> _Instructions to follow_: Beginning at the line that contains "tnpsc group 4" and finishing at the line that contains "The Legend of", output the data below exactly. Include both end lines and no pictures.

┌─ Exercise input

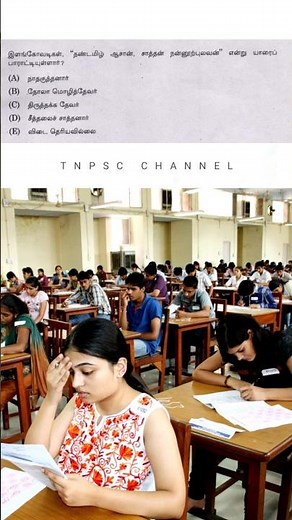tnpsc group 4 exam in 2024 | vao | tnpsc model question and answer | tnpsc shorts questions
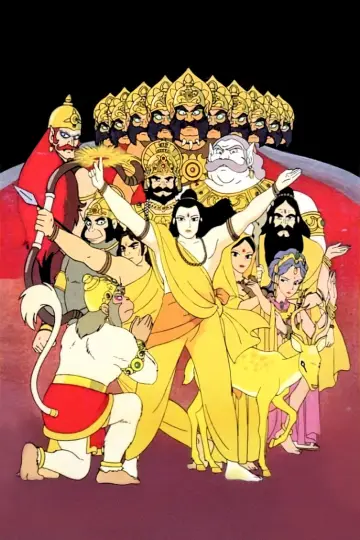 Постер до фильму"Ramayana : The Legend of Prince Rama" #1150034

└─
┌─ Exercise input

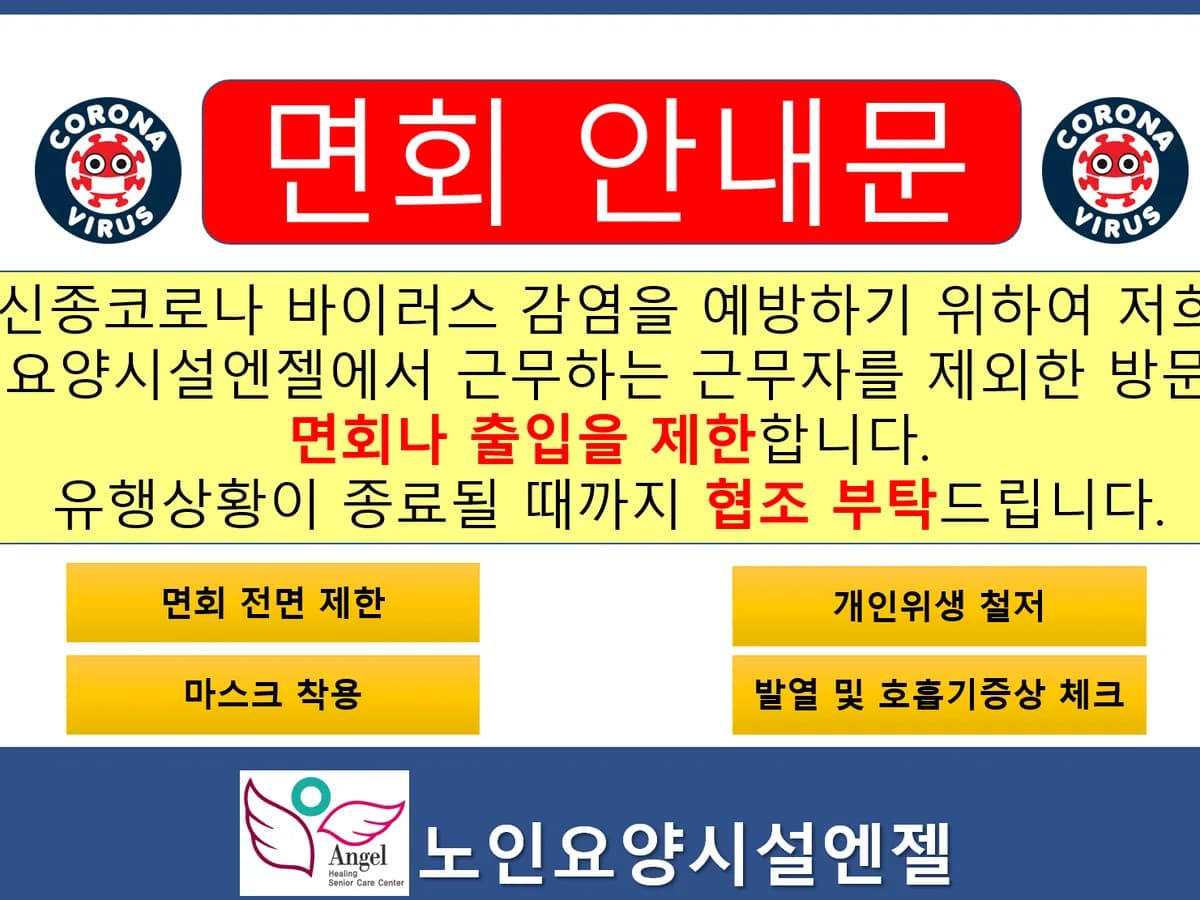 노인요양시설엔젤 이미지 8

└─
┌─ Exercise input

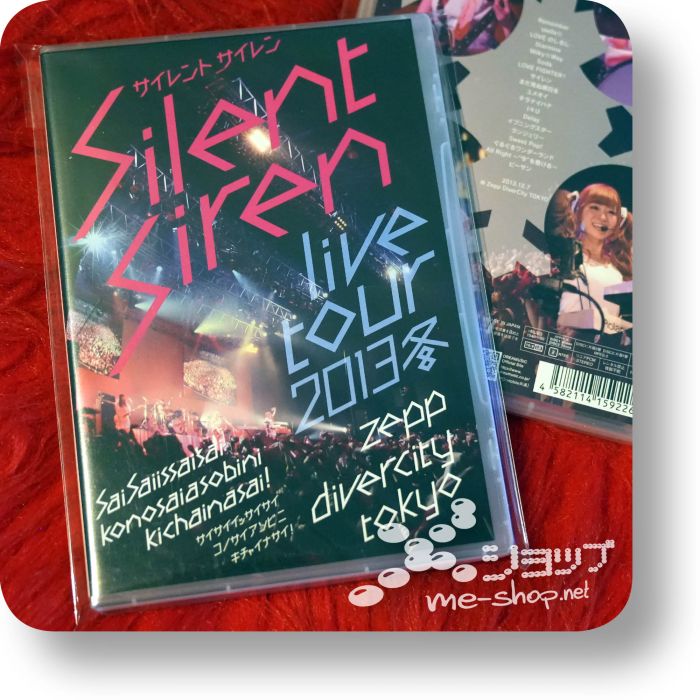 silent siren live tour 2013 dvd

└─

> _Your solution_:
tnpsc group 4 exam in 2024 | vao | tnpsc model question and answer | tnpsc shorts questions
 Постер до фильму"Ramayana : The Legend of Prince Rama" #1150034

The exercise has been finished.